O Presidente da República, Aníbal Cavaco Silva, sublinho que a melhor forma de homenagear Eusébio "é seguir o seu exemplo", recordando a forma como o antigo futebolista trabalhou e lutou para alcançar tantas vitórias.

 "Portugal perdeu um dos seus filhos mais queridos: Eusébio da Silva Ferreira", afirmou o chefe de Estado, Aníbal Cavaco Silva, numa declaração no Palácio de Belém, a propósito da morte de Eusébio.

 Pedindo para que se siga o exemplo de Eusébio enquanto desportista e enquanto ser humano, Cavaco Silva lembrou o "campeão que trabalhou e lutou para alcançar tantas vitórias" e como uma pessoa que manteve com os outros uma relação calorosa, de afecto e de respeito mútuo".

 Na declaração, o Presidente da República recordou a forma como ao longo da sua vida Eusébio conquistou o carinho e a estima de todos, por ser "um desportista de excepção, dos melhores do mundo, que tantas glórias trouxe a Portugal".

 Cavaco Silva, que esteve pela última vez com Eusébio em Outubro, num encontro

privado, destacou igualmente as qualidades humanas excepcionais do antigo futebolista, que tinha "uma humildade e uma afabilidade invulgares, uma simplicidade daquelas que são verdadeiramente grandes, que nada precisam de exibir porque já demonstraram ser os melhores."

 "Tinha um trasbordante amor pela vida, uma enorme alegria de viver, rodeado pelo afecto de todos os portugueses", acrescentou, confessando que Eusébio foi uma das personalidades mais cativantes que conheceu na sua vida.

 Os talentos de Eusébio como desportista, "que deram a alegria a milhões de pessoas, a gerações de inteiras", foram igualmente destacados pelo chefe de Estado, que lembrou a sua "arte" e a forma como dentro do campo se entregava com paixão para alcançar a vitória e representou a Selecção nacional com uma dedicação sem limites.

 "Todos recordamos o dia em que saiu do campo em lágrimas, chorando por Portugal.

 As lágrimas de Eusébio, nesse dia, são as nossas lágrimas, no dia de hoje.
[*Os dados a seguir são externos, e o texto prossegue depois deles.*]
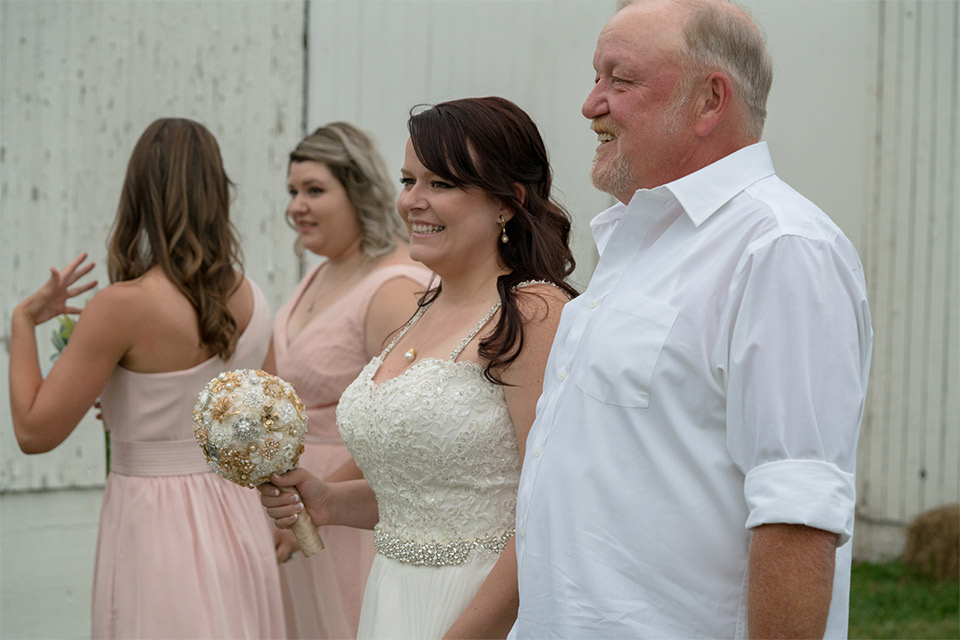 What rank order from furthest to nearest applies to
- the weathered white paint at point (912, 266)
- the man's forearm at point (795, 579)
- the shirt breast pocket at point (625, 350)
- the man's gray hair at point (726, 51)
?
the weathered white paint at point (912, 266)
the man's gray hair at point (726, 51)
the shirt breast pocket at point (625, 350)
the man's forearm at point (795, 579)

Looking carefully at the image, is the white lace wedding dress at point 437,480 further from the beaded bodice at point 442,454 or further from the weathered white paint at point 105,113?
the weathered white paint at point 105,113

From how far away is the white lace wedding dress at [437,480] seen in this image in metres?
2.60

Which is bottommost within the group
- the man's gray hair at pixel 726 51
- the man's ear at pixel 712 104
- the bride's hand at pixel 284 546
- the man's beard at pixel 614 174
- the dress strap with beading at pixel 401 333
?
the bride's hand at pixel 284 546

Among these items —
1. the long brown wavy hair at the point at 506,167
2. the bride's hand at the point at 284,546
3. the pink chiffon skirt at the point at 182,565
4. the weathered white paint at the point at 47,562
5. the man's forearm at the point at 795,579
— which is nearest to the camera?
the man's forearm at the point at 795,579

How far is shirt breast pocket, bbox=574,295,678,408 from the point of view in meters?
1.83

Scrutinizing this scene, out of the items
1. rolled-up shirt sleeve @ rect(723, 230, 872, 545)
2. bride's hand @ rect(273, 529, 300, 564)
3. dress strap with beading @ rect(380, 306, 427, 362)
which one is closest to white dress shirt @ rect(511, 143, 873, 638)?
rolled-up shirt sleeve @ rect(723, 230, 872, 545)

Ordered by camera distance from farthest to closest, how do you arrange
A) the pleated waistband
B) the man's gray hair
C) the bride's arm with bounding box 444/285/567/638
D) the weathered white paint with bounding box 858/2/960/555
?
1. the weathered white paint with bounding box 858/2/960/555
2. the pleated waistband
3. the bride's arm with bounding box 444/285/567/638
4. the man's gray hair

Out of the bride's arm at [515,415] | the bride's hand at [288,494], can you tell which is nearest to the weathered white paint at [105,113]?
the bride's hand at [288,494]

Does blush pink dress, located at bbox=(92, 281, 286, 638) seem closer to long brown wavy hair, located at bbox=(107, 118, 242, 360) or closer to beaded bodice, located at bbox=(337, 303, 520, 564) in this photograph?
long brown wavy hair, located at bbox=(107, 118, 242, 360)

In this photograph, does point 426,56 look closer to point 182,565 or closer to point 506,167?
point 182,565

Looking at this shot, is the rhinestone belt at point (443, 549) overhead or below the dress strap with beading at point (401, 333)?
below

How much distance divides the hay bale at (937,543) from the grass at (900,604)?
73 millimetres

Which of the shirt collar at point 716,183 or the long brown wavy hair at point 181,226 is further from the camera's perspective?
the long brown wavy hair at point 181,226

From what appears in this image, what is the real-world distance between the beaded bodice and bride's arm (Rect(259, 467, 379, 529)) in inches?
9.4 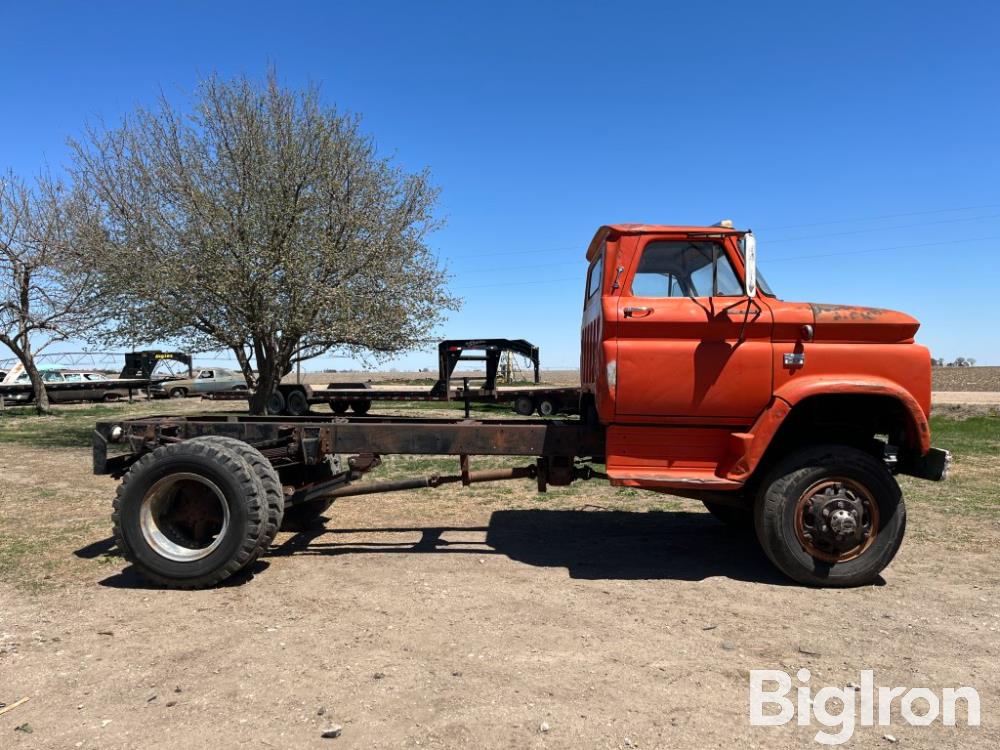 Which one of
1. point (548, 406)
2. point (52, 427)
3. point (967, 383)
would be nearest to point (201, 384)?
point (52, 427)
O país chora a sua morte. O país está oficialmente de luto", disse Cavaco Silva na declaração no Palácio de Belém, onde a bandeira de Portugal foi colocada a meia-haste, depois de terem sido decretados três de luto nacional.

 Em Março de 2008, Eusébio fez parte da comitiva oficial que acompanhou o Presidente da República na viagem a Moçambique, a convite do próprio chefe de Estado.

 Entre as várias condecorações com que foi distinguido, Eusébio foi agraciado com a Grã-Cruz Infante D. Henrique e a Ordem de Mérito.

 Eusébio da Silva Ferreira faleceu às 4:30 vítima de paragem cardiorrespiratória, disse à agência Lusa fonte do clube.

 O "Pantera Negra" foi eleito o melhor jogador do Mundo em 1965 e conquistou duas Botas de Ouro (1967/68 e 1972/73).  

 No Mundial Inglaterra de 1966 foi considerado o melhor jogador da competição, na qual foi o melhor marcador, com nove golos.

 Eusébio nasceu a 25 de Ja-neiro de 1942 em Lourenço Marques (actual Maputo), em Moçambique.

 

* Sampaio recorda "grande prestígio internacional" do ex-futebolista

 

 O ex-Presidente da República Jorge Sampaio manifestou uma "grande tristeza" pela morte de Eusébio, recordando-o como uma figura que "deu tudo o que tinha para elevar o nome de Portugal o mais alto possível".

 "Foi uma figura que teve um prestígio internacional, quando ainda havia poucas que o tivessem", sustentou o ex-Chefe de Estado, em declarações à RTP, na qual evidenciou a "grande dedicação" de Eusébio ao Benfica e à Selecção nacional.

 Para Jorge Sampaio, Eusébio "era uma daquelas pessoas que tinham um consenso geral de admiração, de agradecimento e de notoriedade".

O ex-Presidente lembrou ainda Eusébio como "um símbolo" para as diferentes gerações, sobretudo as mais antigas, como a sua.

 No Mundial Inglaterra de 1966 foi considerado o melhor jogador da competição Na mesma competição, Portugal terminou no terceiro lugar, a melhor classificação de sempre da Selecção lusa em Mundiais.

 

* Mário Soares  recorda "um grande futebolista" e "um homem bom"

 

 O ex-Presidente da República Mário Soares lamentou a morte de Eusébio, que classificou como "um grande futebolista" e "um homem bom e agradável".

 "Foi um grande futebolista, uma pessoa bem formada e fiquei sempre com a ideia de que era um homem muito modesto e muito simpático", sublinhou o ex-Chefe do Estado, em declarações à RTP.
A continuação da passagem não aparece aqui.